Uno studio di Nature colloca in Cina la produzione di sostanze messe al bando da anni per cercare di permettere allo strato di ozono di riformarsi.
di James Temple
Uno studio pubblicato il mese scorso ha rivelato che le concentrazioni di clorofluorocarburi nell’atmosfera sono ancora inaspettatamente elevate, alimentando un mistero scientifico sul possibile responsabile. I clorofluorocarburi danneggiano l’ozono e, pertanto, la loro produzione è proibita ormai da diversi anni.
Il colpevole? Il New York Times sostiene che uno dei principali artefici di queste concentrazioni si trovi in Cina, dove alcune fabbriche starebbero continuando a utilizzare il CFC-11 per produrre schiuma isolante; il giornale cita “interviste, documenti e pubblicità” raccolte dai suoi giornalisti oltre che da investigatori indipendenti, fra cui alcuni membri dell’Environmental Investigation Agency. Diverse fonti presentate all’interno dell’articolo evidenziano la possibilità che la produzione illegale di queste sostanze avvenga anche altrove.
Perché conta?
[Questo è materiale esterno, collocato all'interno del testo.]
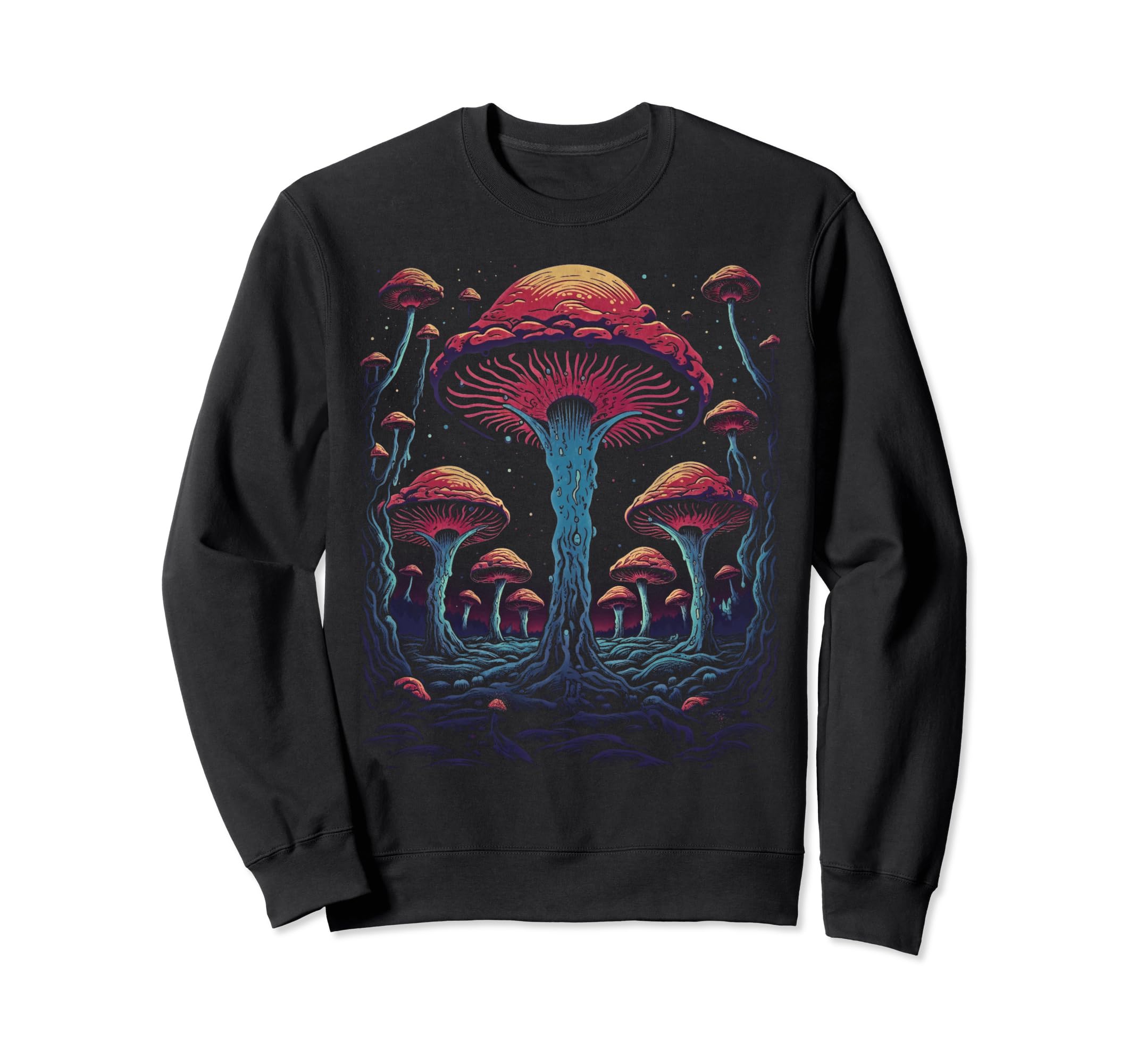 Mushroom 70S 80S Art 87 Sweatshirt - Aesthetic Graphic for Adults - T-Shirt, Sweatshirt, Hoodie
Con il Protocollo di Montreal, siglato nel 1987, fu interrotta la produzione di CFC-11 e sostanze chimiche associate nel tentativo di riparare lo strato di ozono, protezione naturale del pianeta dalle radiazioni ultraviolette. L’uso di CFC-11 è ufficialmente proibito dal 2010. L’accordo è considerato una vittoria storica per la diplomazia ambientale internazionale, oltre che un riferimento per le azioni coordinate su un problema di scala mondiale. I CFC sono anche una fonte di gas serra che contribuiscono al riscaldamento globale. Questo episodio è indicativo delle sfide presentate dagli accordi internazionali.
Lo studio di Nature sottolinea come queste emissioni potrebbero ritardare di un decennio il recupero dello strato di ozono. Erik Solheim, capo dello United Nations Environment Program, ha detto al Times che la produzione di CFC-11 è da considerarsi “un crimine ambientale cui bisognerà rispondere in maniera decisa”.